# what is the deal??



## jforthegirl (Nov 29, 2013)

I have been a member here for a short time, less than 3 weeks. It has been so incredibly helpful to read about others in similar situations.*But the more that I read about these situations, the more of a pattern I see. What the hell is the deal with all of these men and women who up and leave because they aren't in love with or attracted to their spouse any more. And they refuse to try MC, say that it can't be fixed.*Is it a mid life crisis thing? Or it just loses its luster and becomes too routine?I'm baffled at how many of us are experiencing the exact same thing.
_Posted via Mobile Device_


----------



## Gonnabealright (Oct 24, 2013)

I heard one member say after they saw what you have here, that they feel like just another dead body on the pile. It's sad but true. At least you have a lot of support. I've read a few articles on Infedility and it is happening at an alarming rate. 50% with a large increase in women in the last 20 years. It doesn't seem to matter. Some couples were happy, some were not. Some had kids, some don't. What scues the statistics is that there are still many couples that are cheating and the spouse doesn't know and possibly will never know.


----------



## jforthegirl (Nov 29, 2013)

Wow, just "another dead body on the pile". What an apt description of how this feels. Sad, but so accurate.
_Posted via Mobile Device_


----------



## FeministInPink (Sep 13, 2012)

I think it seems like EVERYBODY is dealing with wayward/walkaway spouses, because those of us dealing with WS's seek out a place like TAM to find answers because we're not getting any answers from the WS.

From my personal experience, it's been difficult to find the same kind of support IRL as I've found here on TAM. My friends and family are all very supportive, but very few of them have been through a divorce, and even fewer have experienced an emotionally abusive relationship the way that I have.
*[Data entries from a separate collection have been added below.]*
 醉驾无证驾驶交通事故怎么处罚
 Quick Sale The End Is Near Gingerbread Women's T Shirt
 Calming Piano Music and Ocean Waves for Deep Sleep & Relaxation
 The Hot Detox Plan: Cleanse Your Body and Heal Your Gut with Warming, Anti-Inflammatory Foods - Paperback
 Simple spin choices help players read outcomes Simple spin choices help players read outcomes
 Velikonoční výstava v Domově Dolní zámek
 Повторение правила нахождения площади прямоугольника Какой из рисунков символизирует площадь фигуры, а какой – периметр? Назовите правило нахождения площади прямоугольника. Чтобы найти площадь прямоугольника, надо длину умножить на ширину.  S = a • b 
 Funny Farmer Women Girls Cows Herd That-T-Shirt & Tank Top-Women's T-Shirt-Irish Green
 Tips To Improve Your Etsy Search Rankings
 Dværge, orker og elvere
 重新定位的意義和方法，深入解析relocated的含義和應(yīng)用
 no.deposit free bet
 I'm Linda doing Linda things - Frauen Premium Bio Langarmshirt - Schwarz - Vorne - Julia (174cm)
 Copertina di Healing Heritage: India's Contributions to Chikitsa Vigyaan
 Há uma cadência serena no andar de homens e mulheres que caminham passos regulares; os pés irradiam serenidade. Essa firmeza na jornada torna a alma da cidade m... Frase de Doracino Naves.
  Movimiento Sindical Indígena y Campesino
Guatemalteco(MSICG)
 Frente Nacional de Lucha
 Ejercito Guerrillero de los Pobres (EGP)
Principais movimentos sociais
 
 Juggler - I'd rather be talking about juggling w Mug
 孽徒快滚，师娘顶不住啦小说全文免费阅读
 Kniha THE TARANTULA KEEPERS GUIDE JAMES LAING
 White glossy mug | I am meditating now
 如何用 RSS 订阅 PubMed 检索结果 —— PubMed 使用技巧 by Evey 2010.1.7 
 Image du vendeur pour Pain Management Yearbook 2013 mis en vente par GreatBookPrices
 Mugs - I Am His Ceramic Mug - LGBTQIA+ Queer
But here on TAM, I've found many kindred spirits. While that may make some feel like "another dead body on the pile" it has the opposite effect on me; it makes me feel less alone. And to get to know other people have gone through the same thing and come out stronger and happier on the other side helped me to soldier on, knowing that there was indeed something better on the other side.

I think it all depends on what type of perspective/lens you choose.


----------